Es ist todtenstill, als der Knabe ausgesprochen hat. Vom Herde kommt ein geheimnissvolles Raunen und Flüstern, und der Wind schlägt ans Fenster.

Da dröhnt es draussen im Flur wie von schweren, schlürfenden Tritten.

»Ulf,« murmelt der Greis. Niemand wagt aufzustehen, obgleich sie ihr Essen beendet haben Eine lange Pause.

Die Schritte sind verstummt, Alles bleibt still draussen.

»Ulf!« ruft der Alte mit mächtiger Stimme. Keine Antwort. »Hole deinen Vater!« Der älteste Knabe erhebt sich gehorsam und eilt hinaus. Auch er kehrt nicht wieder. Und nun stehen Alle zugleich auf, wie unter einer plötzlichen Eingebung. Ohne ein Wort zu wechseln, treten sie hinaus, zuletzt mit gesenktem Kopf die Mutter der Kinder. Nur Thorwalt bleibt bewegungslos auf seinem Platze sitzen.
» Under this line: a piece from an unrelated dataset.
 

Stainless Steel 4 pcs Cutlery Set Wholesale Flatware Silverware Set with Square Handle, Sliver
Von draussen dringt geheimnissvolles Flüstern herein, als ob keiner wagte, laut zu sprechen. Dann öffnet sich schwerfällig die Thüre. Ulf tritt herein.
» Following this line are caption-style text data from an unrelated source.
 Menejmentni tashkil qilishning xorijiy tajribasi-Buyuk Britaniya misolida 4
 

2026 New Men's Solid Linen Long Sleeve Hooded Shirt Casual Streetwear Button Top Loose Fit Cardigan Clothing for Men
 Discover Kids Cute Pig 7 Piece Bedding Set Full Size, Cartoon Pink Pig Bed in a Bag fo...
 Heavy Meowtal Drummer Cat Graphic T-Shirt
Seine Kleider tropfen, sein Gesicht ist weiss wie der Schaum auf den Wogen draussen. Er bleibt beim Eingang stehen, ohne die Kraft oder den Muth zu finden, näher zu treten. Thorwalt erhebt sich.

»Wo ist die Dirne?«

»Das Boot ist gekentert, sie ist ertrunken.«

Aus dem schneeweissen Gesichte richten sich zwei starre, brennende Augen in die des Alten.

Der entgegnet nichts, streicht sich durch den Bart und schreitet langsam hinaus.

Ulf ist allein. Seine Blicke suchen einen Stuhl am Tische, dann schleppt er sich vor den Herd und blickt in die Flammen. Sie steigen ruhig und kerzengerade empor.